For an answer to that question, look to Adam Smith. It should come as no surprise that just when we think the rules of economics are about to be utterly changed, that the core insight comes from the father of the subject.
The pin factory is the most famous anecdote in economics. Ten men can create 48,000 pins a day performing 18 operations between them. Every textbook reads it as a story about task decomposition. But Smith was describing something else. The wire drawer’s output has to fit the straightener’s technique. The pointer’s work must be compatible with the header’s. Each worker depends not just on their own skill but on the relationships between them: timing, trust, the tacit knowledge that builds over months and years of working side by side.
Smith said the division of labour is limited by the extent of the market. That’s the line everyone quotes. But the extent of the market isn’t a task list. It’s a web of human relationships. And it’s the nature of those relationships that determines what a job looks like in the age of AI.
The best granular data comes from across the Atlantic. America’s Bureau of Labor Statistics projects every occupation out to 2033. They say software developer jobs will increase by 18 per cent, financial advisors by 17 per cent and lawyers by 5 per cent.
Personal financial advisors are heavily exposed to AI. Robo-advisers already handle portfolio rebalancing and tax-loss harvesting. On paper, doomed. In reality, this profession is booming. And that’s because the financial adviser’s real job isn’t rebalancing a portfolio but rather being the person a client trusts enough to ring.
Software engineer job postings hit multi-year highs in early 2026, even as AI writes more of the code. When something gets cheaper to produce, you produce more of it. And the software developer isn’t writing code in isolation. Instead she is coordinating with product managers, designers, and other developers all day, every day. AI can take the tasks. It can’t take her position in the network.
I run a creative and digital agency that has worked on more than 25 election campaigns across 40 countries. Matthew Kilcoyne, who has done additional reporting for this piece, has spent a decade in technology policy. Between us, we’ve seen the AI-replaces-everything thesis tested in both directions: in client relationships and campaign war rooms, and in the policy frameworks supposed to prepare workers for what comes next.
The honest answer, at least in the knowledge economy, is that about 40 per cent of what an organisation does is automatable right now. Research synthesis, first-draft copy, scheduling, data processing are just some of the tasks that AI is brilliant at. But the other 60 per cent is relationships, judgment and taste: knowing when the machine’s output is brilliant and when it’s rubbish.

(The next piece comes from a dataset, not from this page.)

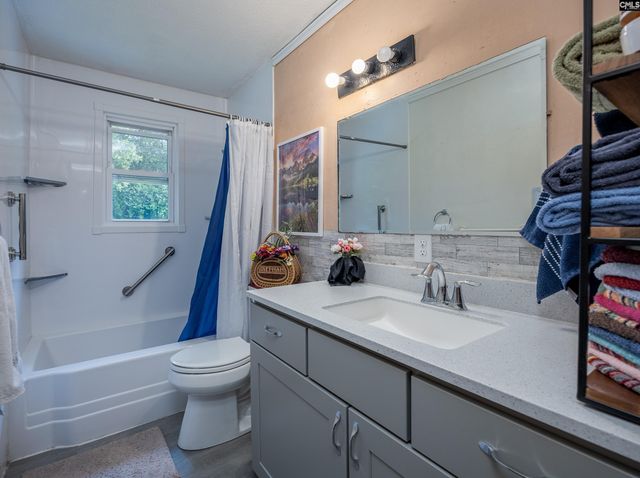 331 Derrick Street, West Columbia, SC 29169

That scales at the speed of human trust.
The anthropologist Robin Dunbar showed that humans can maintain roughly 150 stable relationships. The limit is neurological, and shows up across cultures throughout history. Hutterite farming colonies have split at that number for centuries. Gore-Tex caps its factory units at 150 employees. The relational capital in any job builds slowly, can’t be parallelised, and is destroyed in an instant when someone is displaced.
The anthropologist Robin Dunbar showed that humans can maintain roughly 150 stable relationships
That’s the real problem with retraining. Every programme focuses on skills. But a displaced worker’s actual deficit isn’t skills. It’s that she doesn’t know who to ring or whose emails matter. Anyone who has started a new job knows the first six months aren’t about learning the tasks. They’re about learning the network. Policy that ignores this will keep failing.

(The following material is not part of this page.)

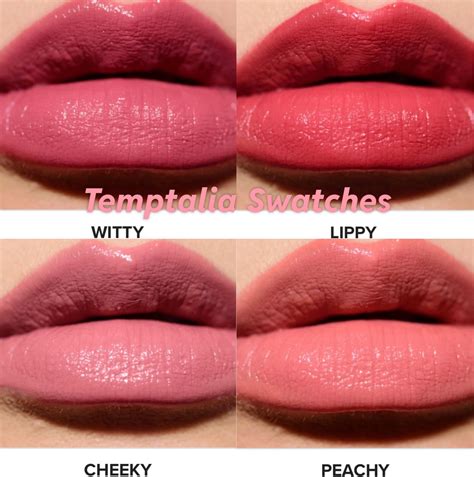 maybelline vinyl ink lippy raustralianmakeup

If the evidence points to augmentation, why does the public assume displacement? Look at the name.
We call it artificial intelligence. ‘Artificial’: the GMO of cognition. Almost fraud-coded before the conversation begins. And then ‘intelligence’ is coming for your livelihood. No wonder people are frightened!
What if we’d called it what it actually does? Not artificial intelligence. Augmenting intelligence. One name says the machine is coming for you. The other says it’s working alongside you. The evidence supports the second. But we’ve spent three years trapped by the first.
The question was never whether the machine is coming for us. It’s what we become alongside it.